IOOF CEO Renato Mota added a stunning footnote to the group’s purchase of NAB’s MLC Wealth business, announcing the group will only retain the Godfrey Pembroke brand as part of the deal and will ask the 400-odd advisers licensed by Garvan, Apogee and Meritum to come over to IOOF’s own brands.

This comes after NAB officially retired the three MLC brands in May and announced the formation of the TenFifty Financial Group, which was in the process of corralling advisers from the three brands into a cleaner and leaner model under new CEO Brendan Johnson.

On a shareholder call Monday morning Mota said the decision to excise the brands was about “de-risking the transaction from a remediation obligation perspective”.

“We are not acquiring the MLC advice licensees,” Mota said. “The AFSLs that the current advisers operate under and currently have the remediation obligations associated with them are not coming as part of the transaction.”

For advisers working under the MLC group umbrella – other than the ones at Godfrey Pembroke –the choice will be to either migrate to an IOOF brand or find a way out of the largest wealth management business owner in the country.

“We are acquiring the advice business by way of an asset purchase, so the systems and processes and technologies, the people, will all come across to IOOF and the advisers will all be joining the IOOF licensees,” Mota said.

It is unclear whether IOOF could have taken on the three MLC brands that were being folded into TenFifty and written remediation protections into the contractual arrangements. It is likely IOOF’s desire to simplify the business played a role in the decision to leave the brands behind.

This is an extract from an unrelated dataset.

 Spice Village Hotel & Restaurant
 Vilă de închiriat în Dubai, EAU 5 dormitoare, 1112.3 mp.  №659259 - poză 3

Mota did not mention TenFifty, leaving the fate of the newly minted licensee unknown.

The move to consolidate brands is consistent with the outlook IOOF advice head Darren Whereat outlined in May, when he said the group wants to operate with several different licensee models because it lets them cover different segments of the advice market.

Models upended

The MLC transaction comes with a raft of internal changes at IOOF as the group tries to simplify its offerings and drift towards more salaried adviser models.

Roughly 150 advisers at Financial Services Partners (FSP) will be given the opportunity to join other licensees within IOOF after the licensee is closed down, which Mota said is for “a number of reasons”.

“It sits at the smaller end,” he said, before adding that the group’s offering “sits in-between some of the other value propositions”.

The few remaining self-employed Bridges advisers will be asked to come under the salaried umbrella, though it’s understood most of those 180 or so licensed advisers have already made this transition.